Hawley also accused McCaskill of politicizing the issue and argued she has ignored farm interests in the state. Blake Hurst, president of the Missouri Farm Bureau – a group that endorsed both of McCaskill’s previous opponents – said he has spoken with her only twice since her last election and that McCaskill didn’t appear at a meeting with the group when they were in Washington in March. McCaskill’s office said she was unable to attend due to a conflict but that her staff attended the event and that she spoke with Hurst directly and attended a meeting with him last year.
Hurst said those in the agriculture business are “very concerned” with Trump’s rhetoric on trade, and “very questioning” of whether his strategy would be successful. He called last week’s public feud with Canada “upsetting” because it’s a large export market, but he said the majority of Missourians would give Trump the benefit of the doubt.
“I think that so far, Trump’s actions on trade, however disturbing they have been to farmers, have met from approval from the average voter in Missouri,” Hurst said. “I don’t think he’s hurt himself politically so far.”
Other Republicans worry the hurt could come soon. Tim Phillips, president of Americans for Prosperity, the main arm of the Koch political network, said he supports the president on taxes and regulations, but the tariffs could wipe out otherwise positive economic agenda.
“Bad policy is usually bad politics and that is absolutely the case with these tariffs,” Phillips said. “Most of the key states in play will be negatively impacted by the tariffs and by the trade war that we’re already seeing expand.”
Dan Eberhart, a major GOP donor and ally of several Senate campaigns, including Cramer’s, said he opposes the tariffs and that Republican candidates have been put in a bind.
“I think it’s really difficult for these Senate candidates because they’re generally caught between a popular Trump and a tariff policy that people oppose and may not be the best thing for the pocketbooks for people in their states."

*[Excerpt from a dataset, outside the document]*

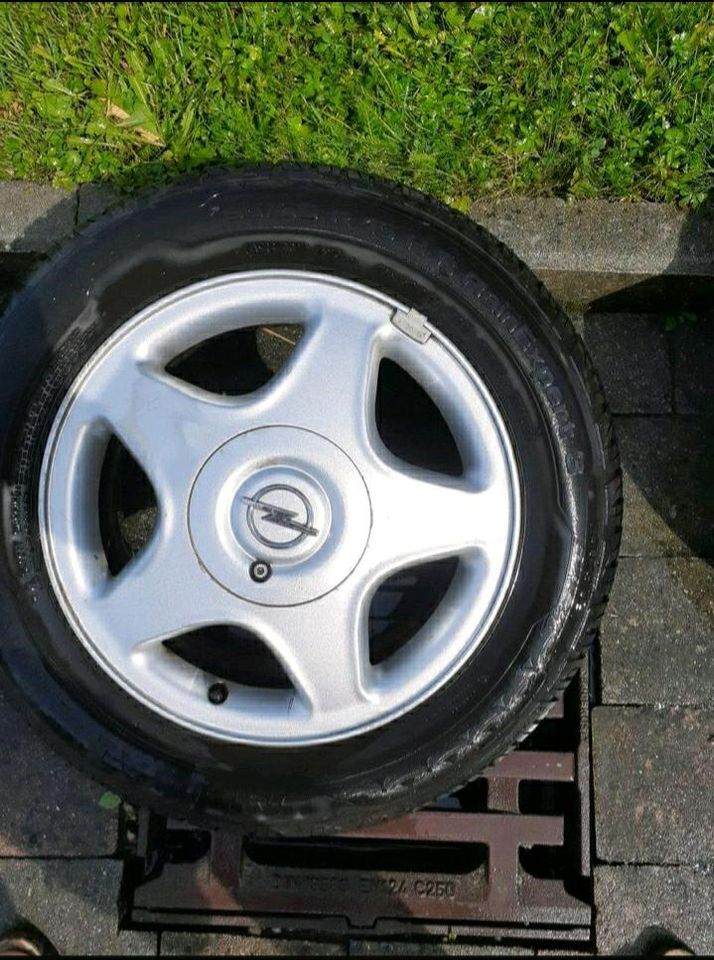 195/60 R15 Sommerreifen auf Alufelgen Opel in Schonstett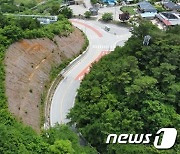 "동식물 서식지 확보" 장수 밀목재, 백두대간 생태축 복원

In Tennessee, former Gov. Phil Bredesen, the Democratic candidate in the race to replace retiring Sen. Bob Corker, seized on the issue, calling the tariffs a “tax on Tennesseans.” Corker unsuccessfully pushed for a vote on legislation to give Congress a check on the president’s tariffs, an effort Bredesen willingly endorsed.

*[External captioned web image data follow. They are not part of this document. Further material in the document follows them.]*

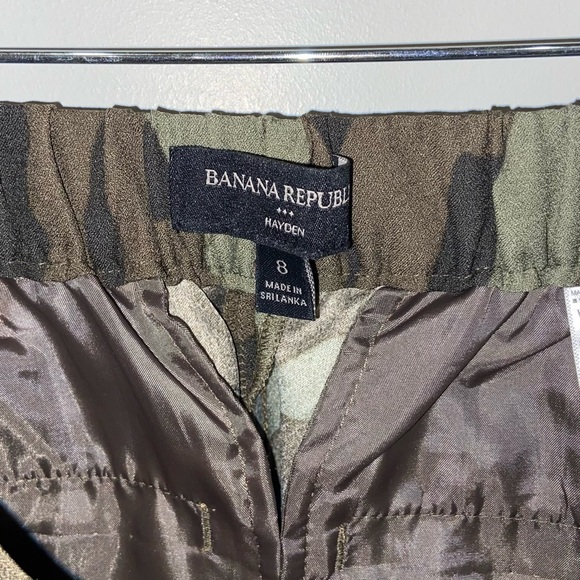 Banana Republic Camo Jogger / Slacks - Picture 4 of 4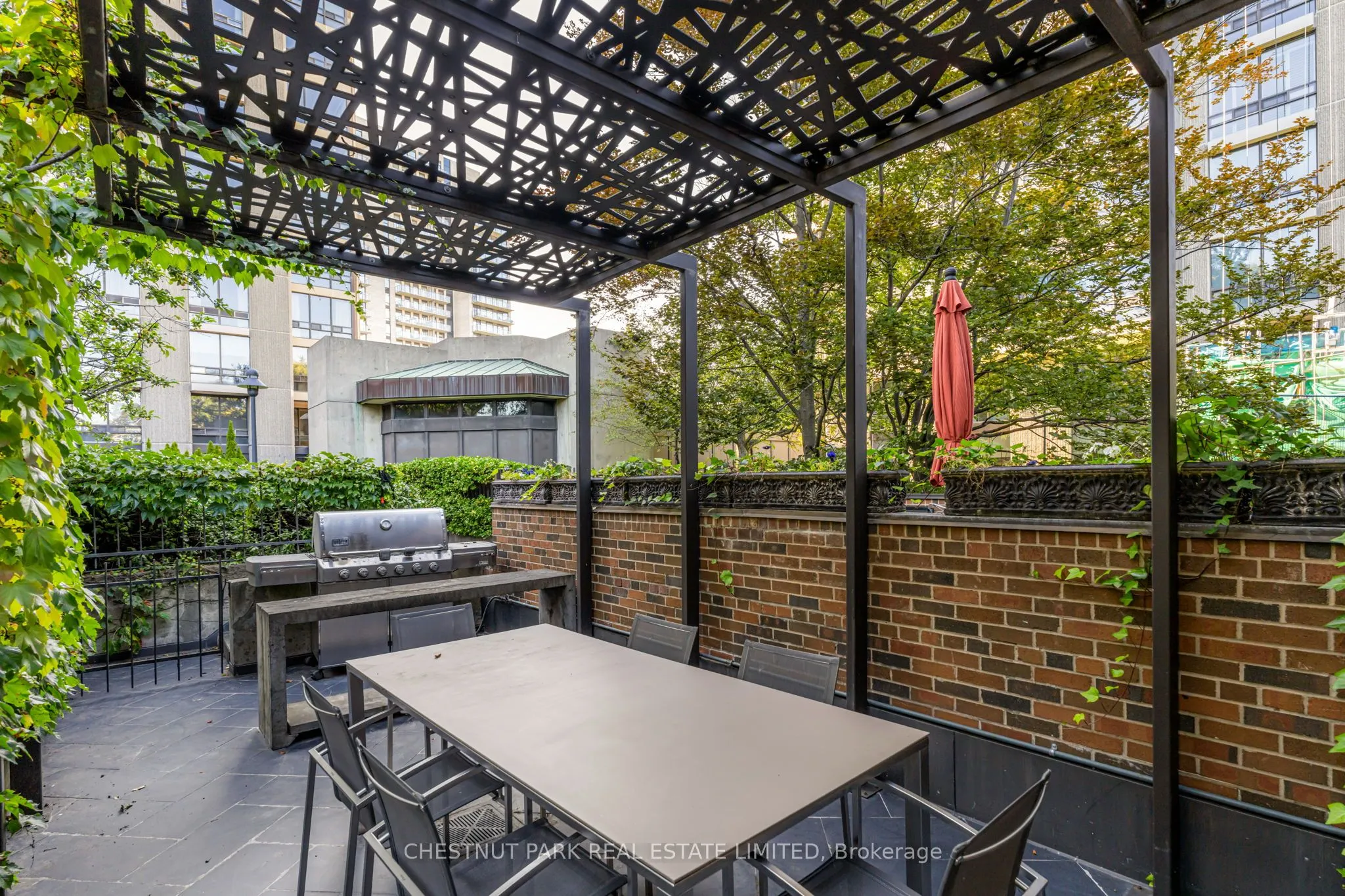 84 Oriole Road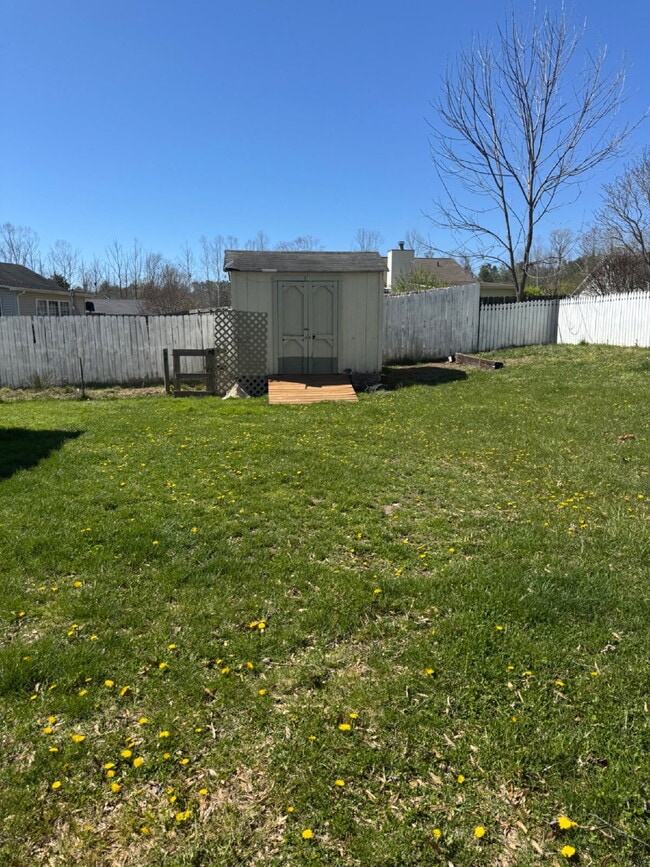 Photo - "Charming 3-Bedroom Retreat with Fireplace & Hardwood Floors in Fletcher, NC"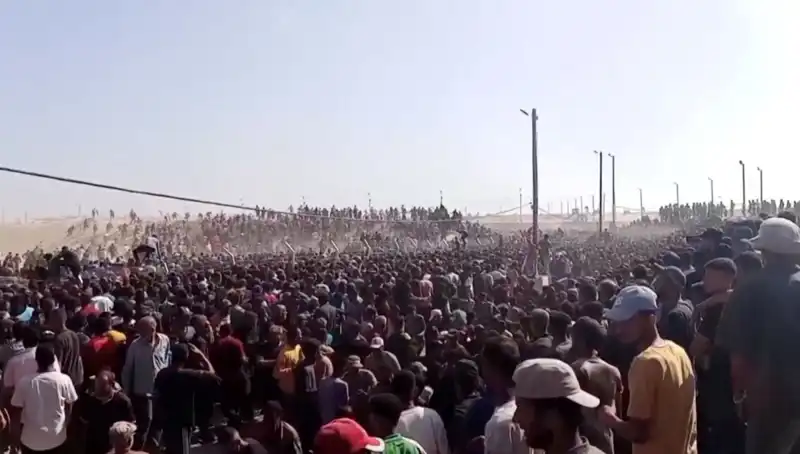 Filistin'de İnsani Yardım Hedef Alındı: 30 Can Kaybı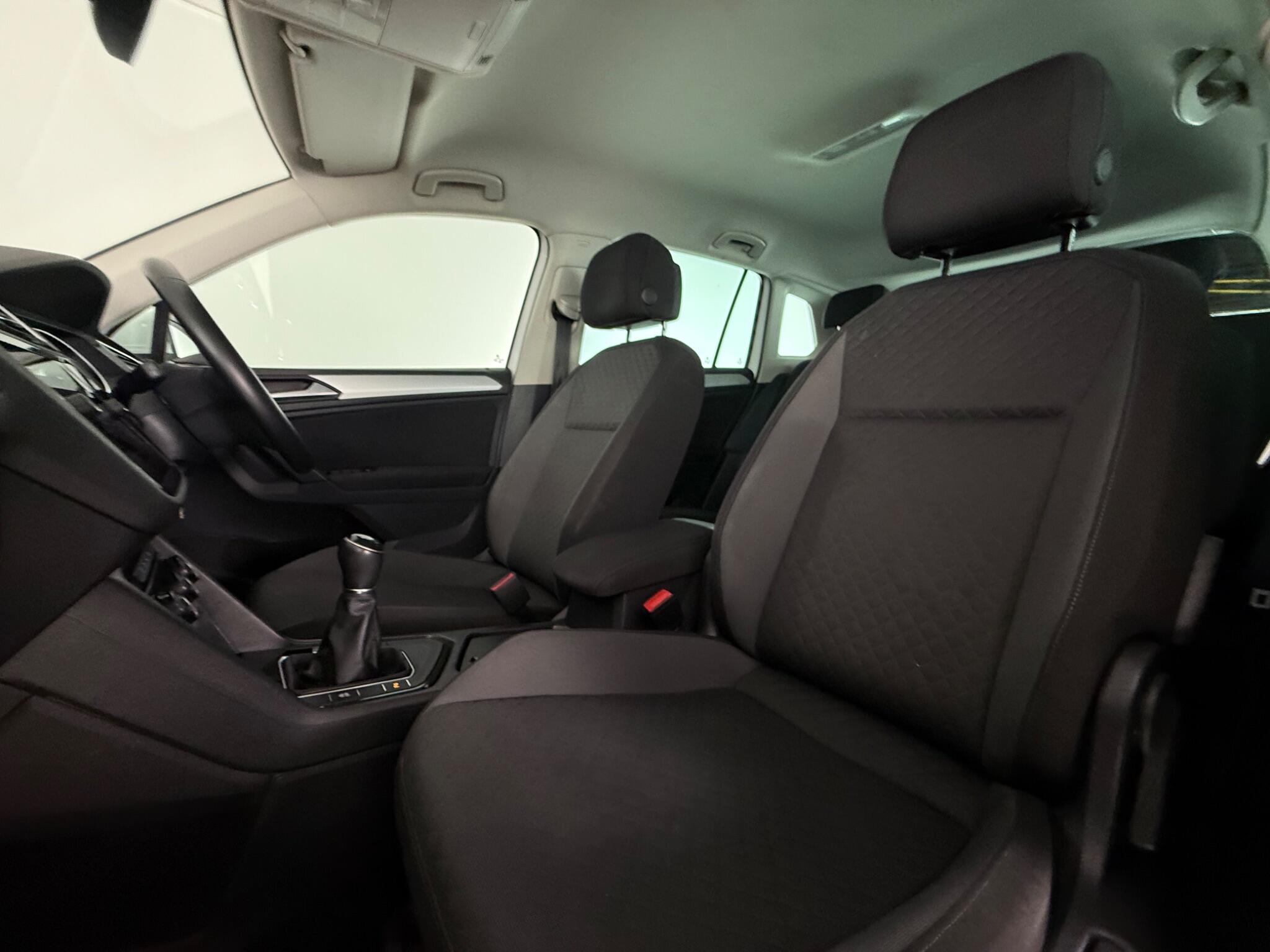 Volkswagen Tiguan view 25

His opponent, Rep. Marsha Blackburn, has taken the same route as other Republicans, saying that she’s not a fan of tariffs but supports the president’s broader goals and believes he should be given room to negotiate. In a Twitter video last week, she highlighted meetings she’d had with Commerce Secretary Wilbur Ross to talk about applications for exemptions from the tariffs. But the state’s Democratic Party has attacked her, challenging her to take a stronger stance on the issue.
Democrats are not universally opposed to Trump’s trade action. In Ohio, a manufacturing state Trump won handily in 2016, Sen. Sherrod Brown is an ally on tariffs, though he’s critical of the president’s ad hoc approach and doesn’t support taking aim at U.S. allies. He has maneuvered to outflank Rep. Jim Renacci, the Trump-endorsed Republican in the race, on the broader issue of trade – he recently released a TV ad highlighting his opposition to past trade deals and touting himself as an ally of steelworkers.
“People generally like the tariffs, but they don’t like the way the president has presented them,” Brown said in an interview. “They don’t like the unevenness; they don’t like that he says it’s a trade war.”
Renacci, for his part, had a message similar to th ose of his fellow Republicans, taking a wait-and-see approach while supporting giving the president room to negotiate.
“He negotiates a little different than most and in the end, he understands this is about American jobs,” Renacci said. “He understands this is about unfair trade with China,and he’ll keep moving in the right direction."